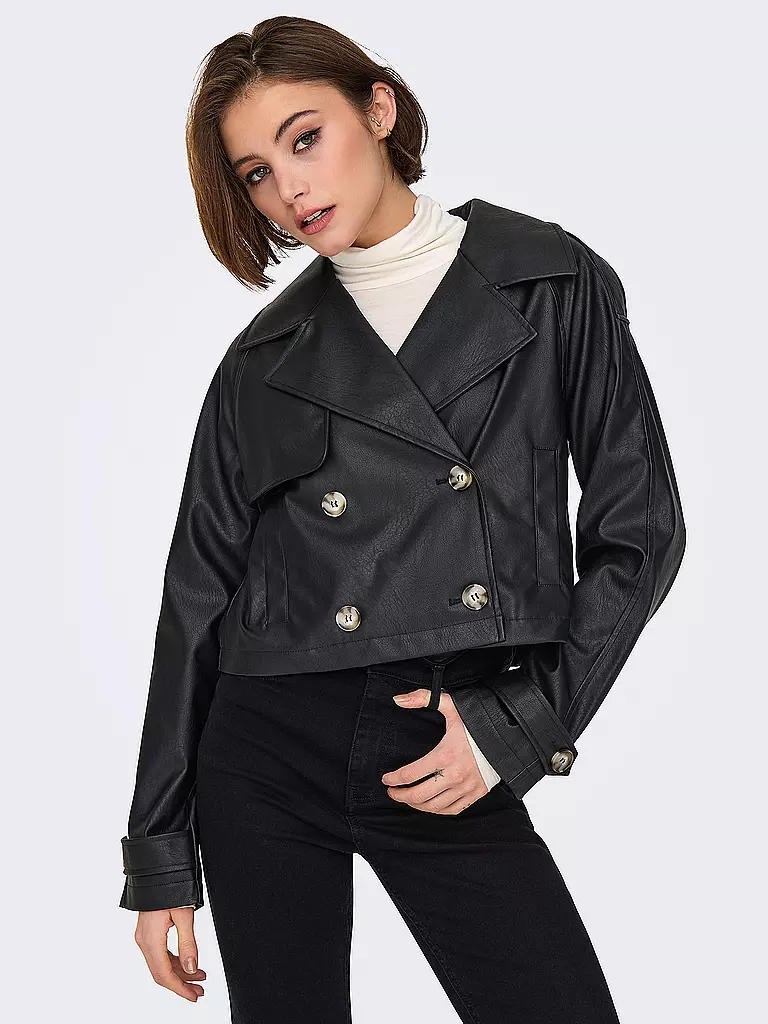ONLY | Giacca effetto pelle ONLAMIA | 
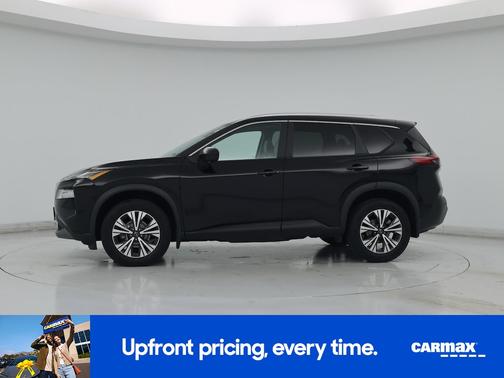 Black 2023 Nissan Rogue SV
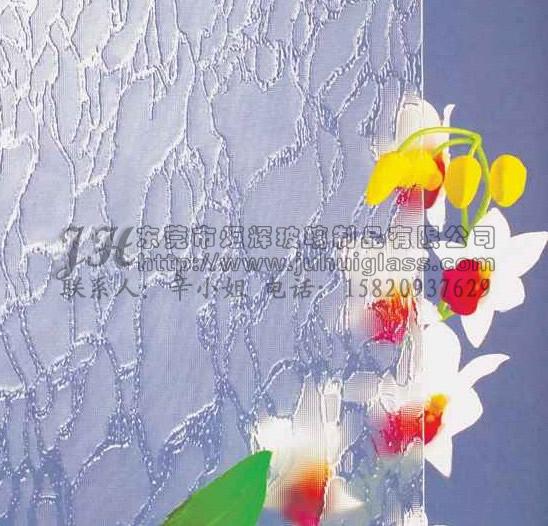 東莞壓花玻璃加工壓花玻璃加工廠圖片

WHAT THE TASK ASKS:
Word for word, retype the material above without its pictures.

ANSWER BOX:
ONLY | Giacca effetto pelle ONLAMIA | 
 Black 2023 Nissan Rogue SV
 東莞壓花玻璃加工壓花玻璃加工廠圖片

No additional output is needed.